-- Records for this task --
◇ ◇ ◇ ◇ ◇

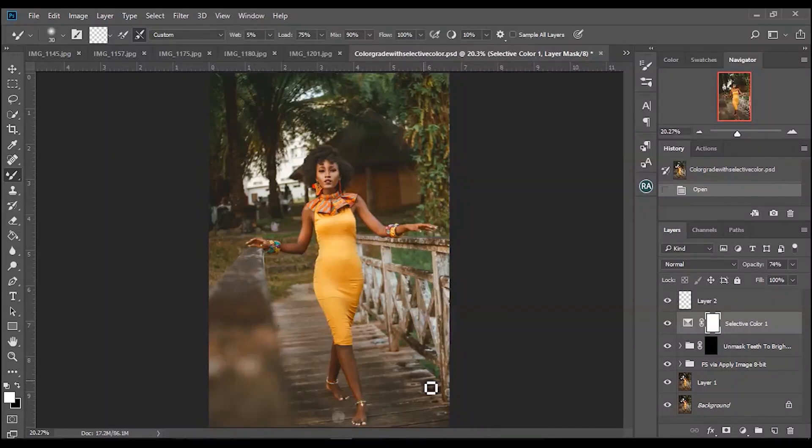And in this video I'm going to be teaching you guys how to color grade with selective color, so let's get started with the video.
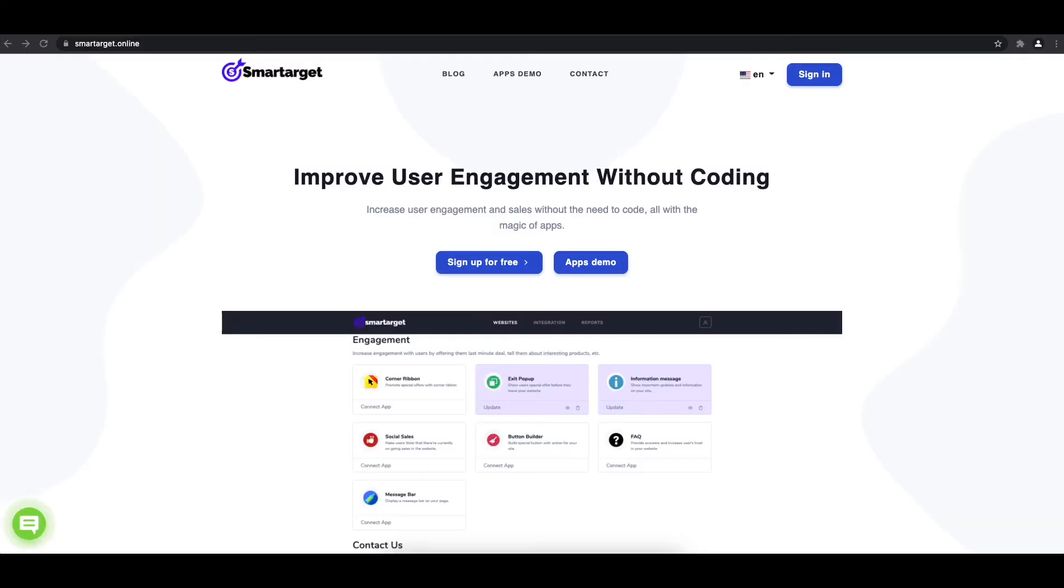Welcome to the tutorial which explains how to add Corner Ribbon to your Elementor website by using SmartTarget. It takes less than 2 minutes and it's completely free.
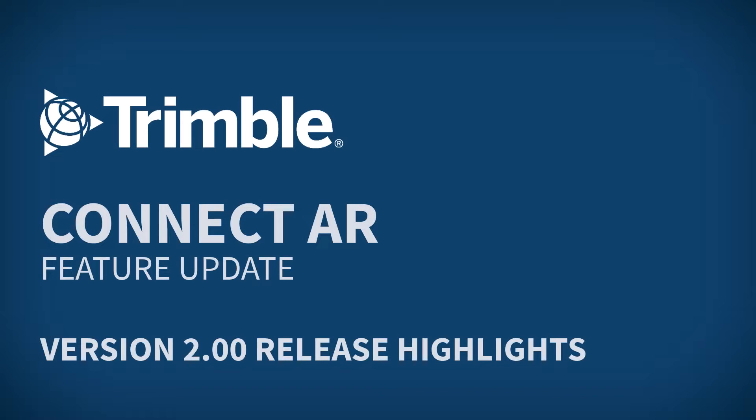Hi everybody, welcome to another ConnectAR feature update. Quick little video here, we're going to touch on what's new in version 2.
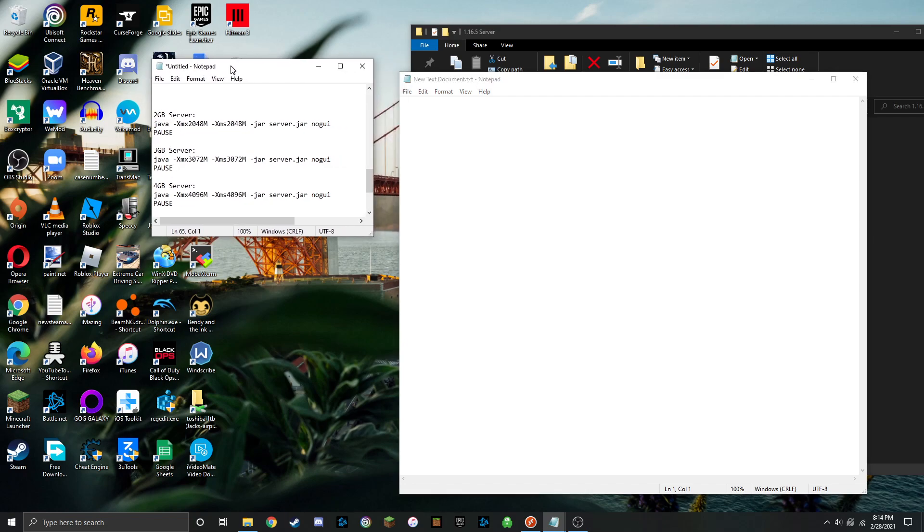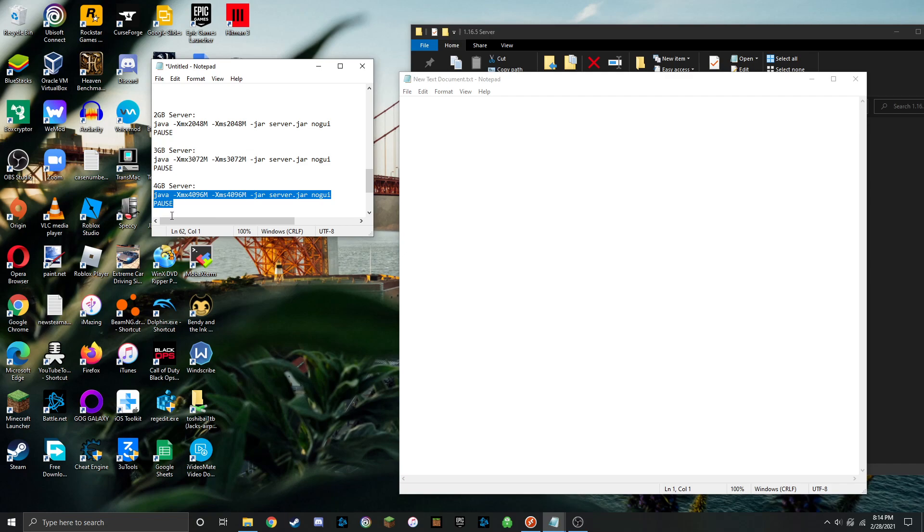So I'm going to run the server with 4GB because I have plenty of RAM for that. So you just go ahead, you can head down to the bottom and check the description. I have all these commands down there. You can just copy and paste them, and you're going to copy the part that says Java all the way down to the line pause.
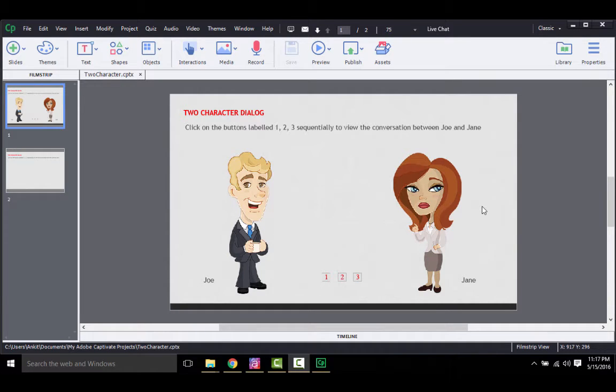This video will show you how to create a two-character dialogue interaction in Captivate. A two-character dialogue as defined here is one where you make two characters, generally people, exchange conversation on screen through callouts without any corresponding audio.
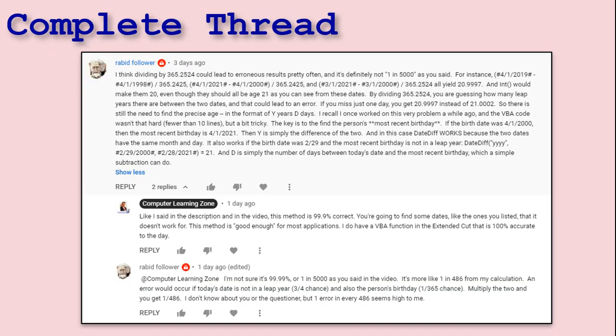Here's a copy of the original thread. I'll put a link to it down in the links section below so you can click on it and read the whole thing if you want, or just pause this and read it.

◇ ◇ ◇ ◇ ◇

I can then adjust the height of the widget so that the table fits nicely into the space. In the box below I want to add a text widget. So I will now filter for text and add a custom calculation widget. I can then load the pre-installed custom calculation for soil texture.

◇ ◇ ◇ ◇ ◇

-- Task details --
Write out exactly the lines above between the one with "So I'm going" and the one with "Here's a copy", inclusive, with pictures left out.

-- Response --
So I'm going to run the server with 4GB because I have plenty of RAM for that. So you just go ahead, you can head down to the bottom and check the description. I have all these commands down there. You can just copy and paste them, and you're going to copy the part that says Java all the way down to the line pause.
This video will show you how to create a two-character dialogue interaction in Captivate. A two-character dialogue as defined here is one where you make two characters, generally people, exchange conversation on screen through callouts without any corresponding audio.
Here's a copy of the original thread. I'll put a link to it down in the links section below so you can click on it and read the whole thing if you want, or just pause this and read it.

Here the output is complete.